大学事典 「建学の精神」の解説
建学の精神
けんがくのせいしん
大学は中世ヨーロッパにおける教師と学生の組合を起源とし,自然発生的なものであったが,13世紀には国王や都市の首長が目的を持って設置し,教皇や皇帝に認可を求めた。ナポリ大学(イタリア)は,皇帝に奉仕する官僚育成を目的とした。中世大学の衰退を経て,国民国家の成立とともに新しく大学が創設されると,その目的は創設の意図として明示されるようになり,ベルリン大学(ドイツ)はその典型である。近代日本においては,帝国大学が「国家ノ須要ニ応スル学術技芸ヲ教授」することを明確にした。私立高等教育機関は結社性が強く,キリスト教精神による人間育成(同志社・新島襄)など,創設者によって理念を闡明し,有志によって維持された。建学の精神に新たな脚光が当てられたのは,1990年代末に第三者による大学評価が示唆された時であり,多様な高等教育機関の評価のために重視された。現在,日本高等教育評価機構,短期大学基準協会は,建学の精神を評価の項目に入れている。
著者: 羽田貴史
[日本の私立大学]
私立大学(日本)では,創設者の学校設立の趣旨・理念が建学の精神として重んじられ,それに基づく方針により個性豊かで特色のある教育・研究が展開されてきた。国公立大学にも設立の目的・趣旨は存在するが,建学の精神というときは,通常,私立大学が念頭に置かれている。建学の精神に基づき長年にわたり醸成された学校の雰囲気や,教員・学生の気質等は,その学校の学風・校風として社会的に認知され,新たな入学希望者を惹き付けることになる。一方で,建学の精神とそれに基づく学則(日本)等を理由として学生の退学処分や教員の解雇が行われ,訴訟に発展した事例もある。

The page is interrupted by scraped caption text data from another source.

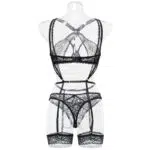 Ensemble de soutien-gorge en dentelle noire avec dos nu croisé Vue de dos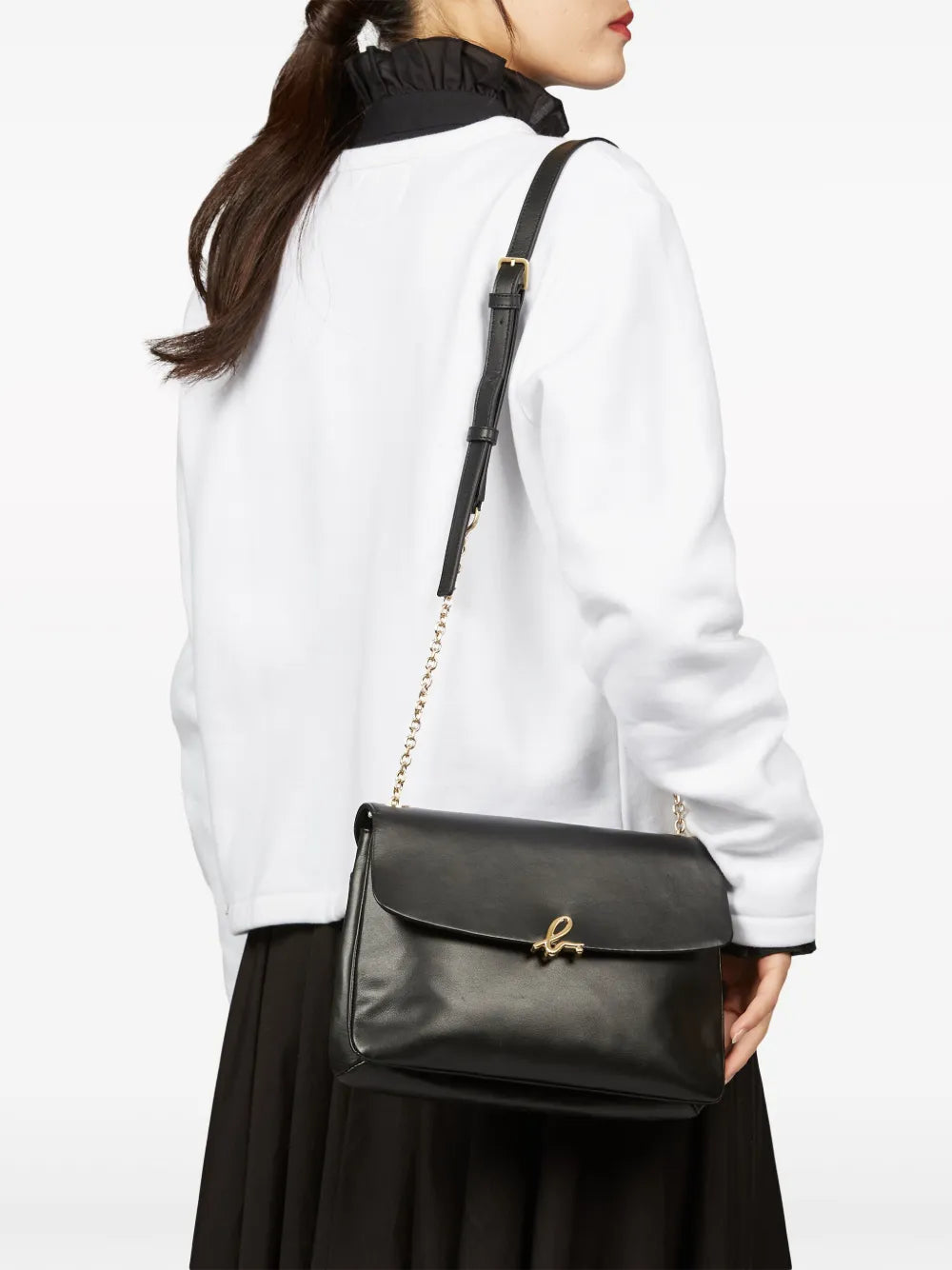 agn? b. logo-clasp leather crossbody bag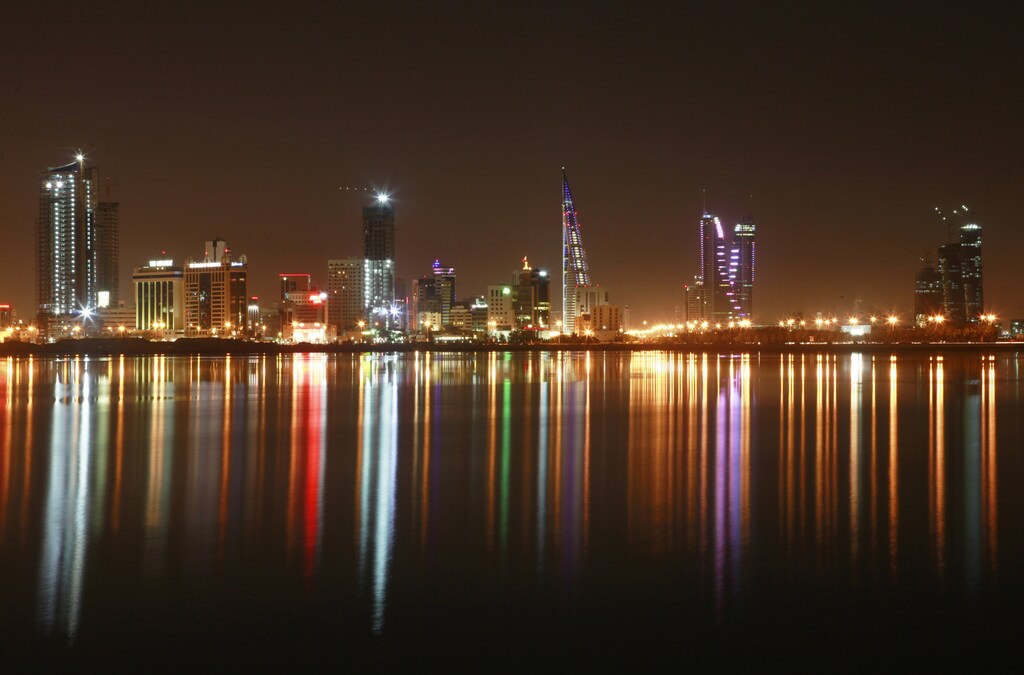 A view of the skyline of Manama at night October 20, 2010. REUTERS/Hamad I Mohammed (BAHRAIN - Tags: CITYSCAPE) - GM1E6AL0IPR01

第2次世界大戦後は,大学の設置認可が国公私立大学のいずれも同一の大学設置基準に基づき行われるようになったうえ,進学率の上昇による高等教育の大衆化・マス化が大学の規模拡大や総合大学化につながり,各大学の個性が失われて建学の精神の希薄化が進んだとされる時期もあった。しかし,1980年代以降,18歳人口の減少と高等教育のユニバーサル化を前にして,臨時教育審議会答申にみられるように,大学の個性化・自由化を求める声が強まり,1991年(平成3)には大学設置基準の大綱化(日本)が大綱化され,各大学が特色あるカリキュラム編成や個性的な学部再編を行うことが可能となった。近年も,文部科学省から大学の機能別分化を促す方向性が示されている。各大学が社会における存在意義を問われている現在,私立大学それぞれのミッションや個性・特色の淵源として,建学の精神の意味をあらためて考える必要性が指摘されている。
著者: 寺倉憲一
参考文献: 天野郁夫「建学の精神を問う」『大学改革を問い直す』慶應義塾大学出版会,2013.